Smiling at her with gentleness, I rose and said the standard peaceful Muslim goodbye. It never occurred to me to destroy her fragile belief.

“Sister,” I wanted to tell her, “you will never be invisible.”

I did not explain to her that the demons of Orientalism, neo-colonialism and fundamentalism would find her despite the robes -- maybe because of them. I walked away because I could see she had just learned to hide from society. It was not my place to reveal her.

I did not tell her that as a brown Muslim woman, my visibility comes with my Otherness. I did not share my weariness although I wanted to tell her: Even if I quit faith and hid, both East and West would always question me. Why were my people so barbaric? Why did I not get married and settle down like a good girl? Had my family tried to arrange my marriage? Didn’t I know that my husband was in charge of all decisions? Why were all Muslim men chauvinistic pigs?

Everyone demands my story but no one believes it. My cover is made of caramel skin and a double-x chromosome. This is what everyone judges; there is no other cover to hide behind.

We are banned books, coveted and hated, defiled or held up as symbols of grand ideals that we may or may not represent. It means I do not know enough to speak for myself. It means that my content, my beliefs, for so many people on both sides, are obviously imbalanced and in need of some editing. It means that no one wants to hear my story but everyone wants to have an opinion about me. It means I was born in the middle of a battle that I had not chosen.

In the imaginary conversations I had with her afterward, I told her that while I respected her decision, I did not want to be folded away behind black covers. I wanted to tell her that my sisters in Pakistan, the poor women who brought me into their homes and gave me tea, were folded away behind concrete walls. I wanted to tell her that invisibility was an unnecessary wish because we were all invisible, stories covered up by MAC eyeliner and diamonds or robes and whispers. I wanted to tell her that Princess Jasmine represented our intellect, our sexuality and our purity.

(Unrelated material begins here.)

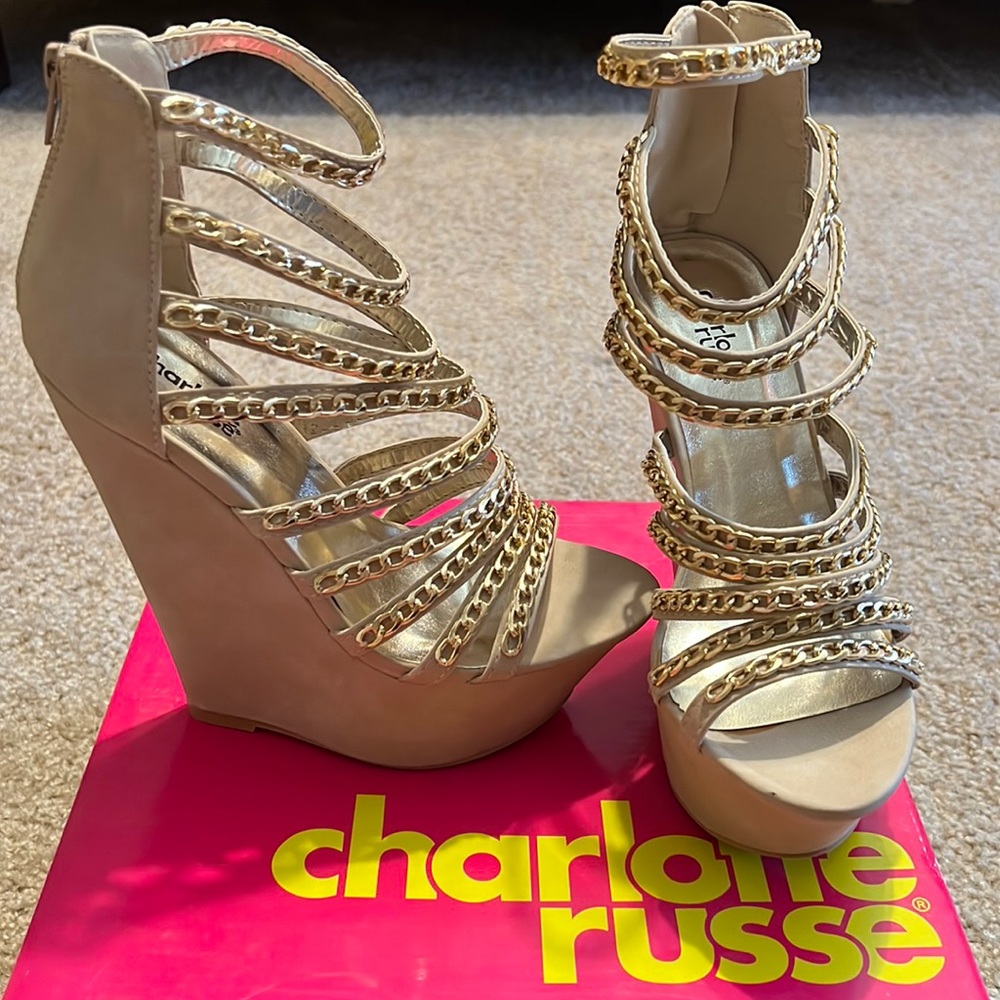Charlotte Russe, Size 6, Style: Pillar 16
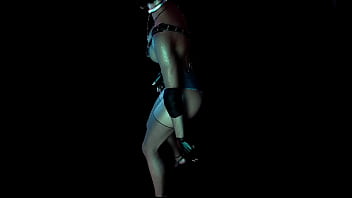Fit slut jill valentine in revealing clothe shakes his ass in color show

I wanted to tell her that some feminists focus only on the black robes and would insist on stripping her to jeans and a T-shirt. “Don’t hide yourself,” they would say. They attempt to liberate us from our own, like the French laws insisting that the covers are a sign of oppression. Women who are free, they say, are also Western. They would force this identity on us and ignore our protests. The problem with this, of course, is that we are not white.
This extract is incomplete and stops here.